# Machine Learning in a Nutshell: Binary Classifier

## A (given) Binary Classifier

To begin, we assume the weights of a binary classifier are given as $w_1 = 1.0$ and $w_2 = 0.5$.
In the second task we are going to learn the weights from data.

We also assume, the feature extractor $\phi(\mathbf{x})$ is given as the identity function.
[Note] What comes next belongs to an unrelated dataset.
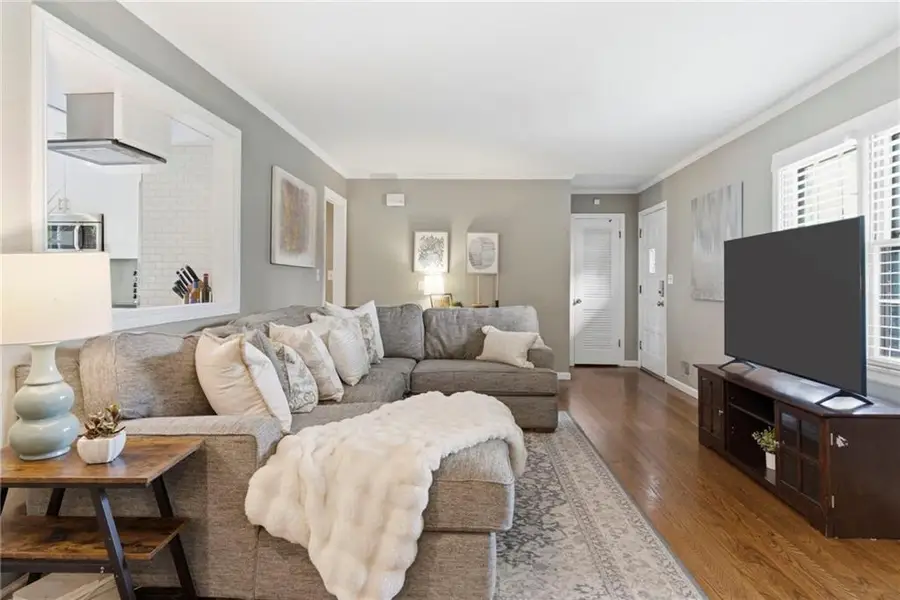 2006 W 71st Terrace, Prairie Village, KS 66208 - #2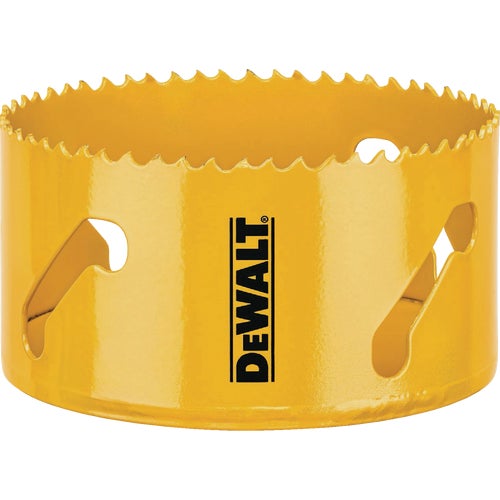 DAH180064 DEWALT High Speed Bi-Metal Hole Saw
For simplicity, we are working with the extracted feature vectors $[x_1, x_2]$ directly.

### Our classifier

$$
\begin{align}
f_\mathbf{w}(x) &= \text{sign}(\underbrace{[1, 0.5]}_{\mathbf{w}} \cdot \underbrace{[x_1, x_2]}_{\phi(x)})\\
      &= \text{sign}(\underbrace{1}_{w_1} \cdot x_1 + \underbrace{0.5}_{w_2} \cdot x_2)
\end{align}
$$

### The sign-function maps from a score to a label
$$
\begin{equation*}
  \text{sign}(z)=\begin{cases}
    +1, & \text{if $z>0$}\\
    -1, & \text{if $z<0$}\\
     0, & \text{if $z = 0$}.
  \end{cases}
\end{equation*}
$$

### Task 1: Making predictions with the classifier $f$

In order to make predictions, we need to implement $f$ in Python. This requires us to implement the individual pieces as python methods:
- A `getScore` method that computes the **score**: $w_1 \cdot x_1 + w_2 \cdot x_2$
- A `getLabel` method that computes the **label** from a given **score**: $\text{sign}(\cdot)$. Implement the `sign` function yourself!
- A `predict` method that computes the **label** from two parameters $x_1$ and $x_2$ by calling the other methods.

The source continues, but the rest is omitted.